I am trying to produce a figure of a wireframe torus, similar to the image produced by the following code which generates a wireframe sphere at a general "viewing angle":

\documentclass{article}
\usepackage{tikz}
\usetikzlibrary{calc,fadings,decorations.pathreplacing}
%% helper macros

\newcommand\pgfmathsinandcos[3]{%
  \pgfmathsetmacro#1{sin(#3)}%
  \pgfmathsetmacro#2{cos(#3)}%
}
\newcommand\LongitudePlane[3][current plane]{%
  \pgfmathsinandcos\sinEl\cosEl{#2} % elevation
  \pgfmathsinandcos\sint\cost{#3} % azimuth
  \tikzset{#1/.style={cm={\cost,\sint*\sinEl,0,\cosEl,(0,0)}}}
}
\newcommand\LatitudePlane[3][current plane]{%
  \pgfmathsinandcos\sinEl\cosEl{#2} % elevation
  \pgfmathsinandcos\sint\cost{#3} % latitude
  \pgfmathsetmacro\yshift{\cosEl*\sint}
  \tikzset{#1/.style={cm={\cost,0,0,\cost*\sinEl,(0,\yshift)}}} %
}
\newcommand\DrawLongitudeCircle[2][1]{
  \LongitudePlane{\angEl}{#2}
  \tikzset{current plane/.prefix style={scale=#1}}
   % angle of "visibility"
  \pgfmathsetmacro\angVis{atan(sin(#2)*cos(\angEl)/sin(\angEl))} %
  \draw[current plane] (\angVis:1) arc (\angVis:\angVis+180:1);
  \draw[current plane,dashed] (\angVis-180:1) arc (\angVis-180:\angVis:1);
}
\newcommand\DrawLatitudeCircle[2][1]{
  \LatitudePlane{\angEl}{#2}
  \tikzset{current plane/.prefix style={scale=#1}}
  \pgfmathsetmacro\sinVis{sin(#2)/cos(#2)*sin(\angEl)/cos(\angEl)}
  % angle of "visibility"
  \pgfmathsetmacro\angVis{asin(min(1,max(\sinVis,-1)))}
  \draw[current plane] (\angVis:1) arc (\angVis:-\angVis-180:1);
  \draw[current plane,dashed] (180-\angVis:1) arc (180-\angVis:\angVis:1);
}

%% document-wide tikz options and styles

\tikzset{%
  >=latex, % option for nice arrows
  inner sep=0pt,%
  outer sep=2pt,%
  mark coordinate/.style={inner sep=0pt,outer sep=0pt,minimum size=3pt,
    fill=black,circle}%
}

\begin{document}

\begin{tikzpicture} % "THE GLOBE" showcase

\def\R{2.5} % sphere radius
\def\angEl{35} % elevation angle
\filldraw[ball color=blue!40!white!80!green!40!] (0,0) circle (\R);
\foreach \t in {-80,-60,...,80} { \DrawLatitudeCircle[\R]{\t} }
\foreach \t in {-5,-35,...,-175} { \DrawLongitudeCircle[\R]{\t} }

\end{tikzpicture}

\end{document}

enter image description here

This code fragment was taken from part of this texample.net page.
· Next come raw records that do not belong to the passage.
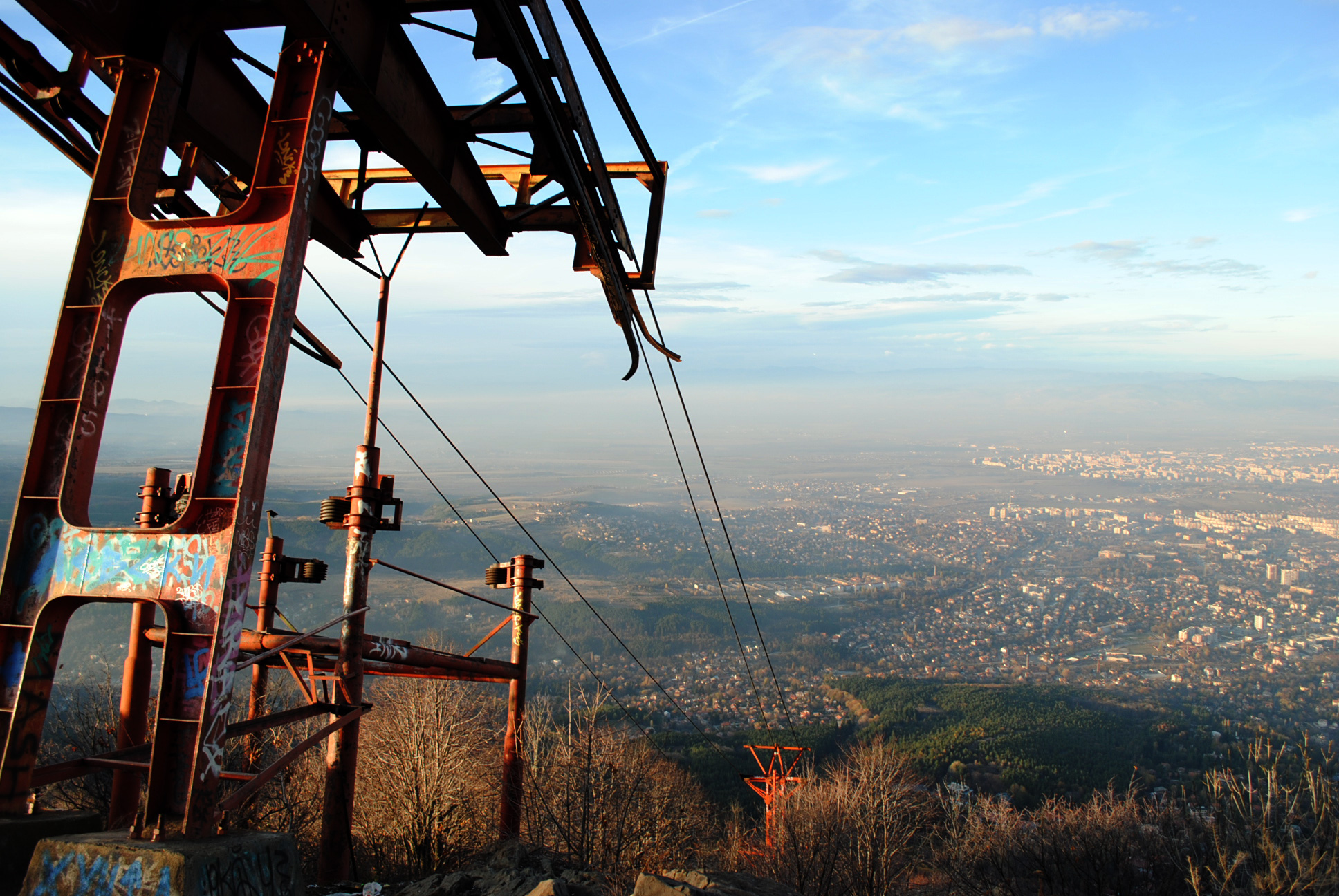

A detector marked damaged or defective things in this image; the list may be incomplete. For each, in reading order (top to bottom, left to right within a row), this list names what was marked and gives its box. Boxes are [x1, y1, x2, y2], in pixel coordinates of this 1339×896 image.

rusted metal pole [107, 469, 169, 825]
rusted metal pole [249, 535, 285, 766]
rusty steel tower [0, 0, 670, 878]
rusted metal pole [317, 274, 391, 878]
rusted metal pole [501, 552, 535, 841]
I'm really quite unsure as to how to approach this problem. Seemingly I would want to parameterize the surface of the torus to draw the "Latitude" and "Longitude" lines, but I am not sure how to do so... Any insight into this problem would be greatly appreciated!

Note that any solution using any packages outsize TikZ/pgf are welcome.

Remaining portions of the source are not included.